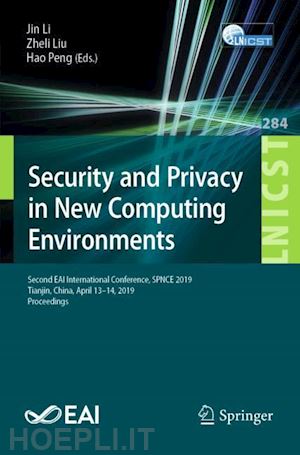li jin (curatore); liu zheli (curatore); peng hao (curatore) - security and privacy in new computing environments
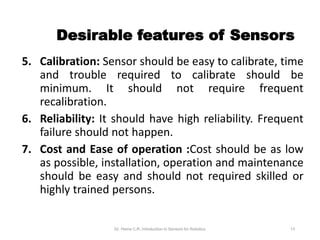Desirable features of Sensors
5. Calibration: Sensor should be easy to calibrate, time
and trouble required to calibrate should be
minimum. It should not require frequent
recalibration.
6. Reliability: It should have high reliability. Frequent
failure should not happen.
7. Cost and Ease of operation :Cost should be as low
as possible, installation, operation and maintenance
should be easy and should not required skilled or
highly trained persons.
Dr. Hema C.R. Introduction to Sensors for Robotics 13
 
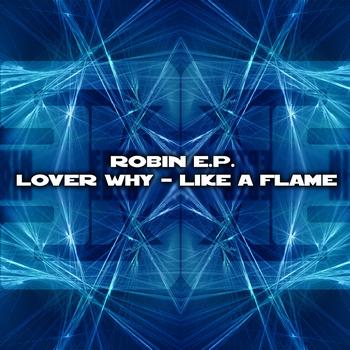 Robin - Lover Why - Like A Flame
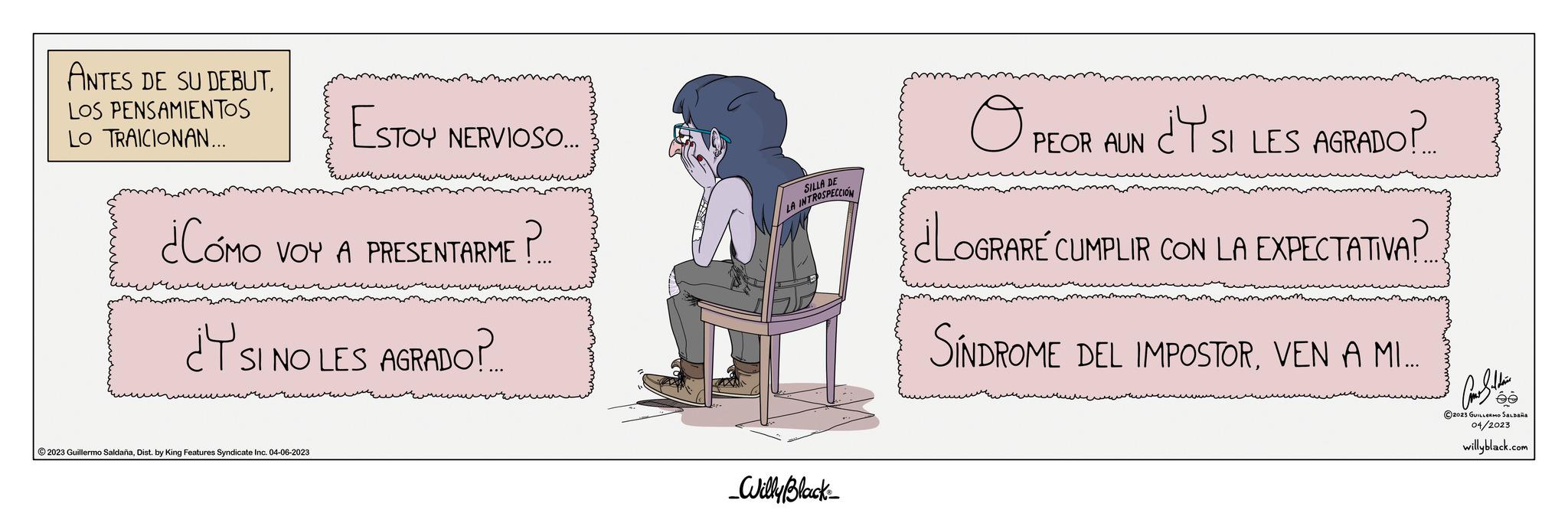 Handwriting OCR: ANTES DE SU DEBUTLOS PENSAMIENTOS LO TRAICIONAN... ESTOY NERVIOSO.... ¿CÓMO VOY A PRESENTARME?.?.. ¿Y SI NO LES AGRADO?. ?2023 Guillermo SaldañaDist. by King Features Syndicate Inc. 04-06-2023 SILLA DE LA INTROSPECCION _Willy Black O PEOR AUN ¿Y SI LES AGRADO? ¿LOGRARE CUMPLIR CON LA EXPECTATIVA?.. SÍNDROME DEL IMPOSTORVEN A MI.….. And Saldain ée ?2023 GUILLERMO SALDAÑA 04/2023 willyblack.com ANTES DE SU DEBUTLOS PENSAMIENTOS LO TRAICIONAN ... ESTOY NERVIOSO .... ¿ CÓMO VOY A PRESENTARME ? . ? .. ¿ Y SI NO LES AGRADO ?. ?2023 Guillermo SaldañaDist . by King Features Syndicate Inc. 04-06-2023 SILLA DE LA INTROSPECCION _Willy Black O PEOR AUN ¿ Y SI LES AGRADO ? ¿ LOGRARE CUMPLIR CON LA EXPECTATIVA ? .. SÍNDROME DEL IMPOSTORVEN A MI . … .. And Saldain ée ?2023 GUILLERMO SALDAÑA 04/2023 willyblack.com
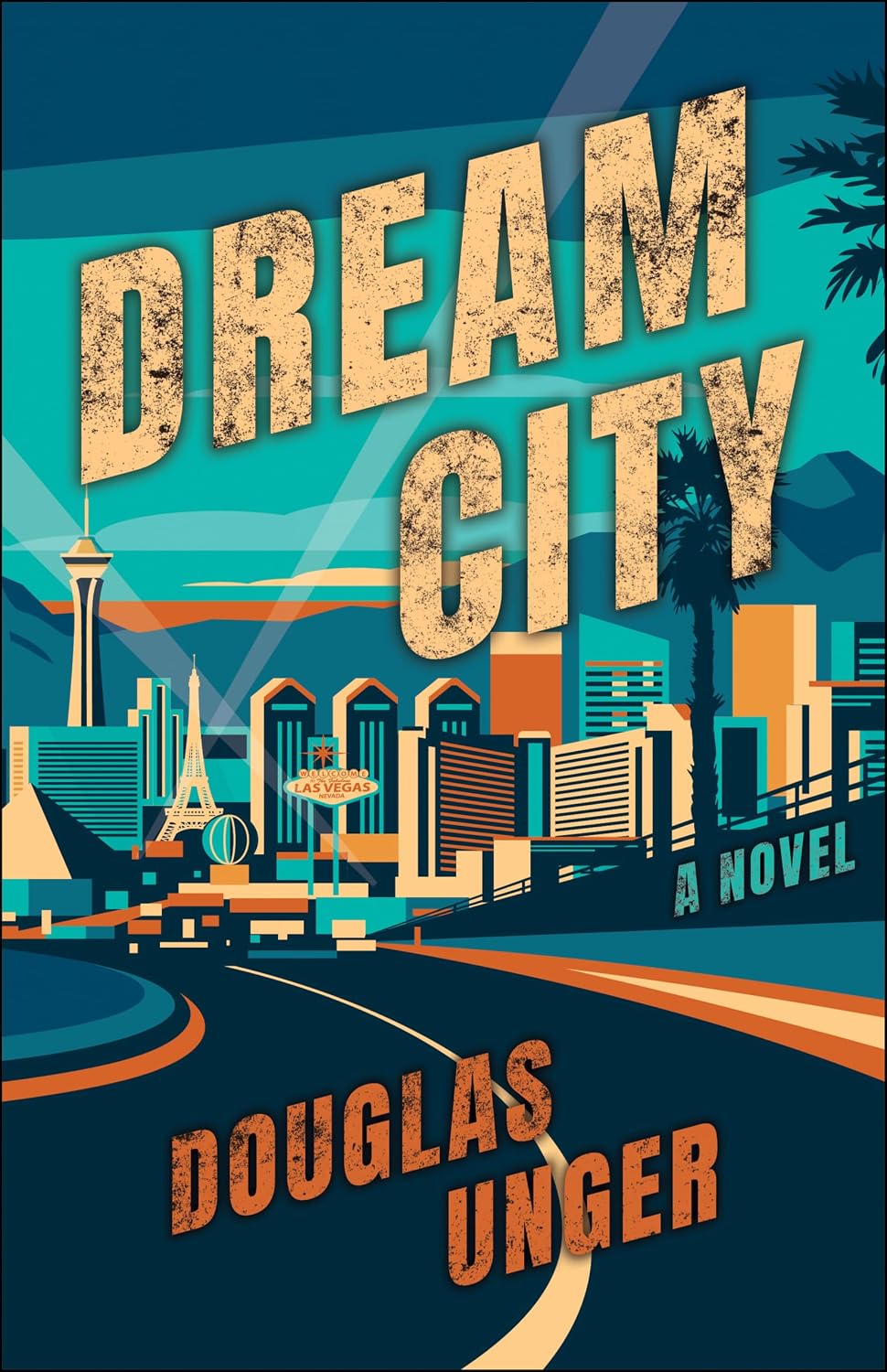 Dream City: A Novel (Western Literature and Fiction Series)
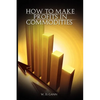 How to Make Profits In Commodities - Paperback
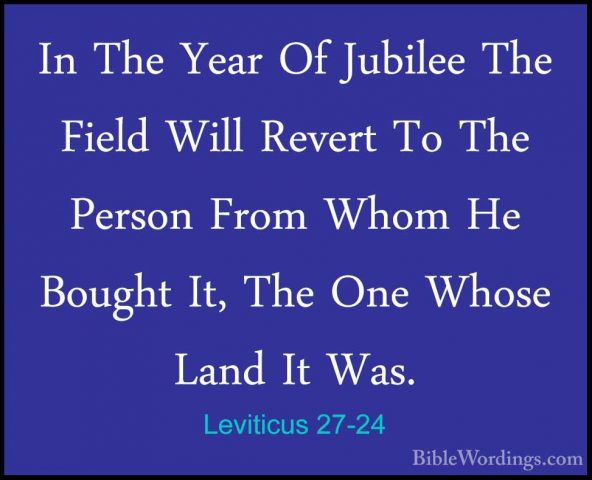 Leviticus 27-24 - In The Year Of Jubilee The Field Will Revert ToIn The Year Of Jubilee The Field Will Revert To The Person From Whom He Bought It, The One Whose Land It Was. 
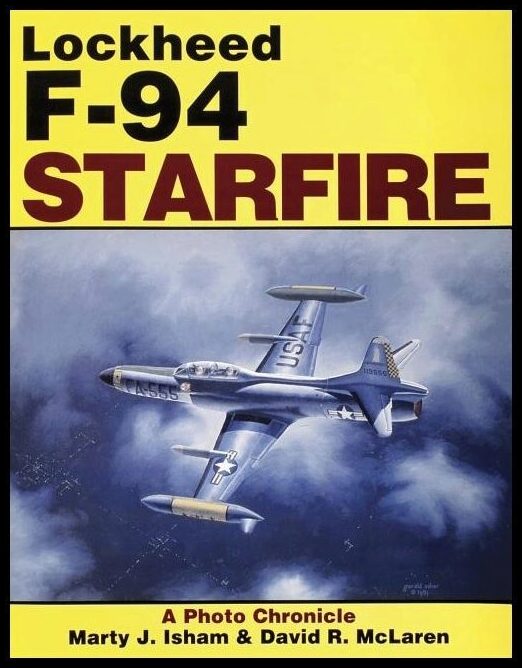 David R. McLaren - Marty Isham | Lockheed F-94 Starfire : A Photo Chronicle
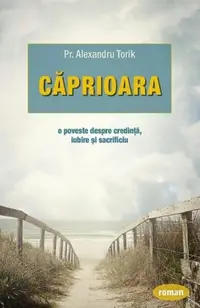 Căprioara - Paperback brosat - Pr. Alexandru Torik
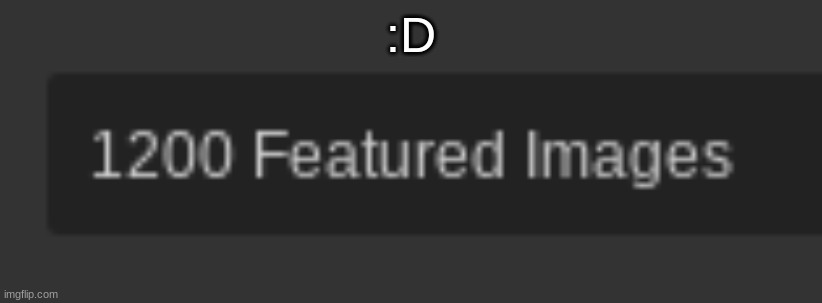 finally | :D | made w/ Imgflip meme maker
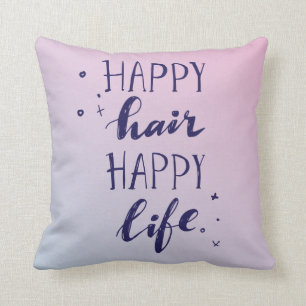 Happy Hair Happy Life Cushion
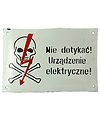 Porcelain Sign {Poland}; "Do not touch! Electric device!"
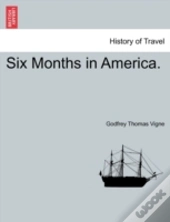 Six Months In America.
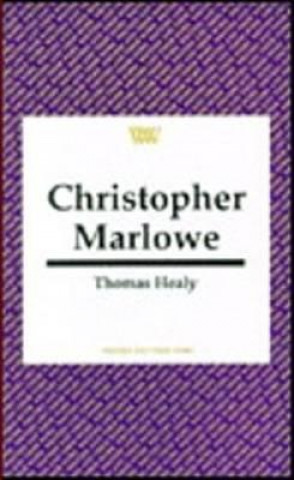 Könyv Christopher Marlowe Thomas Healy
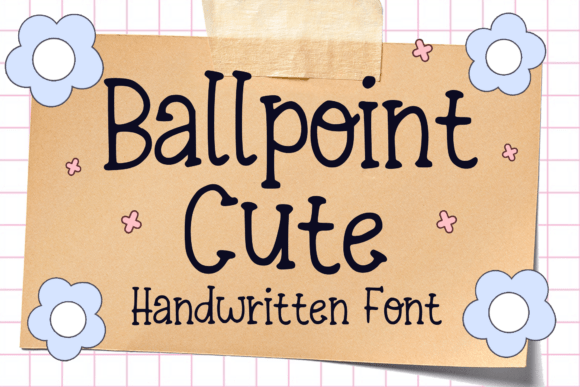 Ballpoint Cute: A Versatile Display Font for Digital Creators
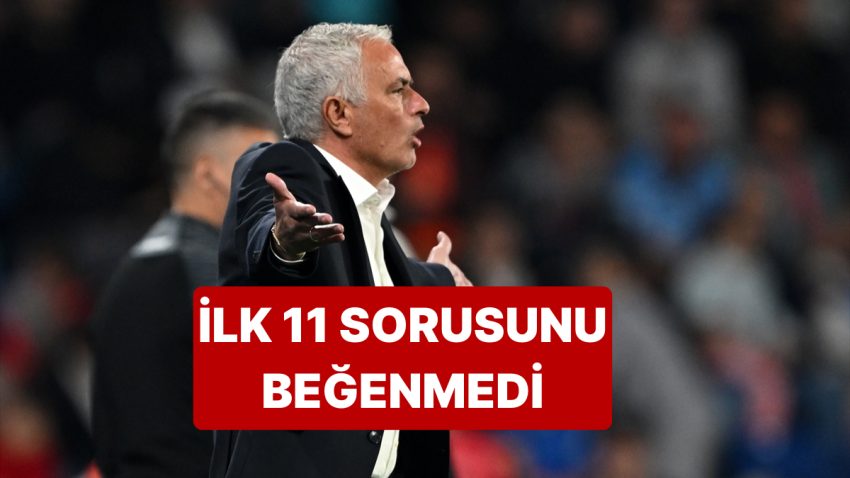 Fenerbahçe’de Jose Mourinho Takım Sorusunu Beğenmedi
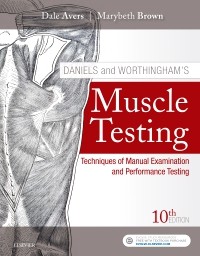 Daniels & Worthingham's Muscle Testing, 10th ed.- Techniques of Manual Examination & PerformanceTesting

● EXERCISE OBJECTIVE: Could you output the lines above exactly, with no pictures included?

● TASK RESULT:
li jin (curatore); liu zheli (curatore); peng hao (curatore) - security and privacy in new computing environments
Desirable features of Sensors
5. Calibration: Sensor should be easy to calibrate, time
and trouble required to calibrate should be
minimum. It should not require frequent
recalibration.
6. Reliability: It should have high reliability. Frequent
failure should not happen.
7. Cost and Ease of operation :Cost should be as low
as possible, installation, operation and maintenance
should be easy and should not required skilled or
highly trained persons.
Dr. Hema C.R. Introduction to Sensors for Robotics 13
 
 Robin - Lover Why - Like A Flame
 Handwriting OCR: ANTES DE SU DEBUTLOS PENSAMIENTOS LO TRAICIONAN... ESTOY NERVIOSO.... ¿CÓMO VOY A PRESENTARME?.?.. ¿Y SI NO LES AGRADO?. ?2023 Guillermo SaldañaDist. by King Features Syndicate Inc. 04-06-2023 SILLA DE LA INTROSPECCION _Willy Black O PEOR AUN ¿Y SI LES AGRADO? ¿LOGRARE CUMPLIR CON LA EXPECTATIVA?.. SÍNDROME DEL IMPOSTORVEN A MI.….. And Saldain ée ?2023 GUILLERMO SALDAÑA 04/2023 willyblack.com ANTES DE SU DEBUTLOS PENSAMIENTOS LO TRAICIONAN ... ESTOY NERVIOSO .... ¿ CÓMO VOY A PRESENTARME ? . ? .. ¿ Y SI NO LES AGRADO ?. ?2023 Guillermo SaldañaDist . by King Features Syndicate Inc. 04-06-2023 SILLA DE LA INTROSPECCION _Willy Black O PEOR AUN ¿ Y SI LES AGRADO ? ¿ LOGRARE CUMPLIR CON LA EXPECTATIVA ? .. SÍNDROME DEL IMPOSTORVEN A MI . … .. And Saldain ée ?2023 GUILLERMO SALDAÑA 04/2023 willyblack.com
 Dream City: A Novel (Western Literature and Fiction Series)
 How to Make Profits In Commodities - Paperback
 Leviticus 27-24 - In The Year Of Jubilee The Field Will Revert ToIn The Year Of Jubilee The Field Will Revert To The Person From Whom He Bought It, The One Whose Land It Was. 
 David R. McLaren - Marty Isham | Lockheed F-94 Starfire : A Photo Chronicle
 Căprioara - Paperback brosat - Pr. Alexandru Torik
 finally | :D | made w/ Imgflip meme maker
 Happy Hair Happy Life Cushion
 Porcelain Sign {Poland}; "Do not touch! Electric device!"
 Six Months In America.
 Könyv Christopher Marlowe Thomas Healy
 Ballpoint Cute: A Versatile Display Font for Digital Creators
 Fenerbahçe’de Jose Mourinho Takım Sorusunu Beğenmedi
 Daniels & Worthingham's Muscle Testing, 10th ed.- Techniques of Manual Examination & PerformanceTesting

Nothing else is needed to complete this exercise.